Differential testing for the AI rewrite era.
You rewrote something — a function, a service, an entire codebase. Maybe you did it by hand. Maybe AI did it for you. Either way: does it still work the same?
difftest runs two programs with the same inputs and compares their outputs. If they match, the rewrite is behaviorally equivalent. If they don't, you see exactly where they diverge.
cargo install difftestOr build from source:
git clone https://github.com/nalediym/difftest
cd difftest
cargo build --release# Auto-generate smoke test inputs
difftest ./old ./new
# Custom inputs (each value is one test case)
difftest ./old ./new --inputs "hello" "world" ""

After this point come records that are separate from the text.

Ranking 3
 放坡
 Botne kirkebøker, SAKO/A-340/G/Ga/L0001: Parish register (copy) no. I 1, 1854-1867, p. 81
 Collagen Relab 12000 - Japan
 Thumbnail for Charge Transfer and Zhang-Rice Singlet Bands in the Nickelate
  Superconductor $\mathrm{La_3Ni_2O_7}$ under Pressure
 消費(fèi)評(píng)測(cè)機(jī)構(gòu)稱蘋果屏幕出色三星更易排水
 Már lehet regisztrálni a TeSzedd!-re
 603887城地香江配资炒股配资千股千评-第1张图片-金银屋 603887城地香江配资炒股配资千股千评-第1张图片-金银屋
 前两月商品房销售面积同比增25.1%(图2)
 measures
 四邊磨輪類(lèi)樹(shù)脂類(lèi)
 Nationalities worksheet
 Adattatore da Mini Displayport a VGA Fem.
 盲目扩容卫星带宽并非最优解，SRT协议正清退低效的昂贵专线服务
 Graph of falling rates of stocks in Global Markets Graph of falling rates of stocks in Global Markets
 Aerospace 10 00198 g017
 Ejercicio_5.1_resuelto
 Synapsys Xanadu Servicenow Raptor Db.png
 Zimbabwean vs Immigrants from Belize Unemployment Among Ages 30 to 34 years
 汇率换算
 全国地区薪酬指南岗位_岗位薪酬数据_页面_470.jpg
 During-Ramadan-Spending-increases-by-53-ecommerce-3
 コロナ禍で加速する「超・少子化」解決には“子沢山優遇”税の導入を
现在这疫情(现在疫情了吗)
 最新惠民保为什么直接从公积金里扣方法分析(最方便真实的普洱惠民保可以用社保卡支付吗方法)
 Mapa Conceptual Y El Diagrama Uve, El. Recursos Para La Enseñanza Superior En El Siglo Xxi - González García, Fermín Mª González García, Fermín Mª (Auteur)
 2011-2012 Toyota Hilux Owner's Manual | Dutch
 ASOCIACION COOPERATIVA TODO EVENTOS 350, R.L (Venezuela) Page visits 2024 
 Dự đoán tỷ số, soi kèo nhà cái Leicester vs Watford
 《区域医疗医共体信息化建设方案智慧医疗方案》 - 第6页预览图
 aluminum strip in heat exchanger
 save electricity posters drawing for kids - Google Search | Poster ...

# Compare programs written in different languages
difftest "python3 old.py" "bun new.ts" --inputs test
# Pipe stdin to both
cat data.txt | difftest ./old ./new --stdin
# Also compare stderr
difftest ./old ./new --stderr
# Quiet mode — just pass/fail, no diffs
difftest ./old ./new -q
# Set a timeout (default: 30s) — kills programs that hang
difftest ./old ./new --timeout 10For each input, difftest runs both programs and checks three things:
| Check | Default | Flag |
|---|---|---|
| stdout | Always compared | — |
| exit code | Always compared | — |
| stderr | Ignored | --stderr |
| timeout | 30 seconds | --timeout N |
If all checks match: PASS. If any differ: FAIL with a line-by-line diff.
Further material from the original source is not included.